La « Pièce des Dames » était un terrain engazonné, entouré de sapins, situé entre la Belle Epine et Assencières. Son histoire a été retracée dans INFO 1993.

 

Evolution du repas des anciens .

 

En février 1983, la préparation du repas des anciens se faisait dans un froid glacial. L’année précédente déjà, nous avions repoussé la date au mois d’avril et la « galette des rois » avait été remplacée par un grand poisson pâtissier à la frangipane. Nous désespérions de pouvoir chauffer convenablement la salle de répétitions. Or, la grande salle de classe venait d’être restaurée et dotée du chauffage central.
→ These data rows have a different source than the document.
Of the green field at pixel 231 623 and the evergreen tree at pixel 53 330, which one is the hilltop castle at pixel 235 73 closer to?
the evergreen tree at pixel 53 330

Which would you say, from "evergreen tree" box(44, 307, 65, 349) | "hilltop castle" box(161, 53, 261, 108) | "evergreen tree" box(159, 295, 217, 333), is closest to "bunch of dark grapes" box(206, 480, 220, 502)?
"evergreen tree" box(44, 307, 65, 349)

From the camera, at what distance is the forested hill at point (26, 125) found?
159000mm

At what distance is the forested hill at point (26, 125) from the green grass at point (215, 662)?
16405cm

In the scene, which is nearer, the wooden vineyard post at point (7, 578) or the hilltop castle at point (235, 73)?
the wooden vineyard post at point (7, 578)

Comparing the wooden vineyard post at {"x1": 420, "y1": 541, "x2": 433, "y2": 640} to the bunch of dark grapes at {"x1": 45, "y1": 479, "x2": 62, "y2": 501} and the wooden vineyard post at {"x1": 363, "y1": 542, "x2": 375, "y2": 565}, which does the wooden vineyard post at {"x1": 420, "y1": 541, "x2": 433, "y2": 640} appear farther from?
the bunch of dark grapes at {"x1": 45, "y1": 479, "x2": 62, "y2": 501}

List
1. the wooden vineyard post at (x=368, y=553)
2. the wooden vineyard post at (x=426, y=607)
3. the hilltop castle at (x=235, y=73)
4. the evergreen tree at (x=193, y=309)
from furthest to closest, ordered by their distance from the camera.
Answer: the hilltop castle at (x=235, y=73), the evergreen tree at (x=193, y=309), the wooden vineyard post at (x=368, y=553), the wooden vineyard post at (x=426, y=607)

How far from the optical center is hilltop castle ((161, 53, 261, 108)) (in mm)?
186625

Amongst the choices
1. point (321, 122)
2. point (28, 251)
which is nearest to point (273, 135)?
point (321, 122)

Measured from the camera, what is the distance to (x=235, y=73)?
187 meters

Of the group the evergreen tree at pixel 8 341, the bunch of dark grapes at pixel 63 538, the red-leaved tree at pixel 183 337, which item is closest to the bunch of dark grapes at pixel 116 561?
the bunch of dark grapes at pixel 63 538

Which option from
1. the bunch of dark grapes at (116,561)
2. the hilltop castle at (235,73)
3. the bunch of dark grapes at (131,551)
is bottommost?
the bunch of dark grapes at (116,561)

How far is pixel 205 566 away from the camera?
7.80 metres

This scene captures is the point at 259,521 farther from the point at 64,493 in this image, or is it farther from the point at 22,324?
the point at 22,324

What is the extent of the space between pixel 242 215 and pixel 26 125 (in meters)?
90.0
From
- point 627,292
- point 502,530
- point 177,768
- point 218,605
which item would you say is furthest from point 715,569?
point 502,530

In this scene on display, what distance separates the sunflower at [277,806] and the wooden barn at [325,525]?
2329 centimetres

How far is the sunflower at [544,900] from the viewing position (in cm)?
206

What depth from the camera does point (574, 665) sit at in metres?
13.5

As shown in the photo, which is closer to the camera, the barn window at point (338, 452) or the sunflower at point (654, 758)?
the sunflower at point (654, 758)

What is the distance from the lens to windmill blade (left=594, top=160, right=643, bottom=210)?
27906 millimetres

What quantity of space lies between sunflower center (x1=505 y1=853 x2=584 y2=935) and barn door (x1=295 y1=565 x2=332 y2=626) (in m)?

L’institutrice, Joëlle Corniau eut la gentillesse de proposer d’y dresser les tables. Le matériel scolaire fut empilé le long des murs et une installation électrique compliquée permit de mettre en place un nombre suffisant de fours à raclette, menu choisi pour remplacer l’habituelle choucroute. Afin d’associer la municipalité à nos initiatives, le Maire de la commune, Gilbert Haber, et les Conseillers avaient été invités pour l’apéritif  avant le repas.  Le premier magistrat de la commune avait décidé de clore les festivités en offrant le vin pétillant après les discours de tradition.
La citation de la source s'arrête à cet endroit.